Relação patrimônio e memória

Para que um patrimônio exista, ele tem que ser reconhecido e eleito como tal. A memória é um dos atores envolvidos nesse processo. Segundo Pereira (2011), ela se estrutura seguindo um sentido valorativo, fortemente relacionado à emoção, na evocação e reconstrução do passado.

Para Pomian (2000), a memória é o que permite aos seres vivos remontar-se no tempo, relacionando-se ao passado, mas mantendo-se sempre no presente. Essa reconstituição do passado, por ser sempre imperfeita, nunca integralizada, é somente possível com a existência de monumentos e documentos como pontos de referência espaciais que permitem o acesso ao que já passou. Esses monumentos/documentos, sejam eles naturais ou não, são resultado da materialização coletiva das recordações, que para continuarem exercendo a função de meio de transporte entre o presente e o passado devem ser preservados.
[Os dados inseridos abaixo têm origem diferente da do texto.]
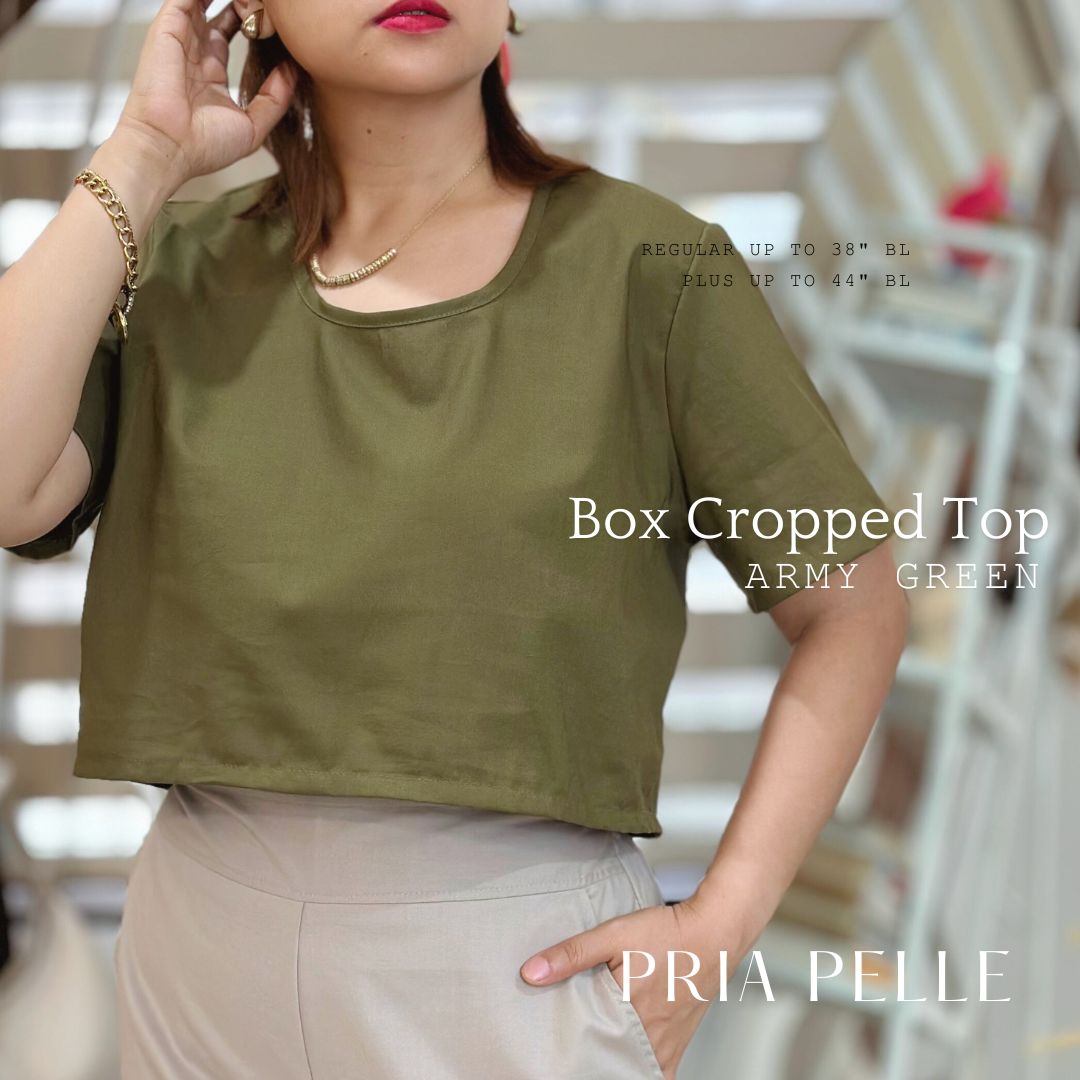 Pria Pelle Women's Cropped square top - Army Green - Premium Cotton Blend Fabric - Non Stretch -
Do latim monumentun, significa aquilo que traz à lembrança alguma coisa. Segundo Choay (2006), a especificidade do monumento se dá pela sua forma de atuação sobre a memória. Deve ser chamado de monumento tudo aquilo que uma comunidade de indivíduos edifica para rememorar ou deixar que novas gerações rememorem fatos, crenças, sacrifícios. Ainda segundo esse autor, ele é localizado e selecionado para contribuir com a manutenção e preservação da identidade de comunidades, seja ela tribal, religiosa, familiar, étnica ou nacional. Por isso ele aparece em todos os tipos de comunidade. Como se fosse uma segurança materializada de possibilidade ou garantia de guardar o começo, as origens.

Mas, como nem todo o passado pode ser preservado, são eleitos os bens culturais que integrarão o patrimônio cultural de uma sociedade a partir de sua representatividade coletiva. O patrimônio pertence ao território da memória social ou coletiva (HALBWACHS, 1990), mais do que apenas à memória individual. Algo precisa ser partilhado e valorizado pelo grupo para ser transformado em patrimônio.

O valor cultural de um bem reside na capacidade deste de estimular a memória dos sujeitos vinculados historicamente a uma comunidade, garantindo a manutenção de sua identidade cultural, como é o caso dos monumentos/documentos citados acima. Eles são pontos de referências, que atuam em conjunto estruturando a memória individual para que essa então possa ser inserida na memória da coletividade a que pertencemos – a família, uma escola, um bairro, um grupo profissional, uma cidade, uma nação etc.

Neste ponto reside parte dos conflitos gerados pela patrimonialização de bens culturais: quando esta ocorre sem o envolvimento e a participação direta de segmentos representativos da sociedade diretamente implicada e afetada pelo ato, seja o tombamento ou o registro como bem de natureza imaterial. Quando as motivações para o tombamento ou o registro são de caráter meramente político ou geradas por interesses econômicos de grupos minoritários, a sociedade envolvida sente-se no mínimo alheia ao processo, ou até mesmo traída em seus propósitos.

É o que acontece quando há o enquadramento da memória, um trabalho de fornecimento de quadros de referências e de pontos de referências para a construção da memória de grupos. Esse trabalho, cujos limites devem ser determinados, pois a memória não pode ser construída de forma arbitrária, deve satisfazer a algumas exigências de justificação, referentes na maioria das vezes às pessoas responsáveis pelo enquadramento, seja um sindicato, uma associação, uma ONG, uma invasão, um regime ditatorial, ou qualquer outra organização política. São esses os atores profissionalizados que terão o direito e a permissão para selecionar o que e, o mais importante, como se enquadrará na memória de um grupo. Assim, existirá um controle da memória, além da produção de discursos organizados sobre acontecimentos, personagens e objetos materiais envolvidos, sempre objetivando o equilíbrio social (POLLAK, 1989).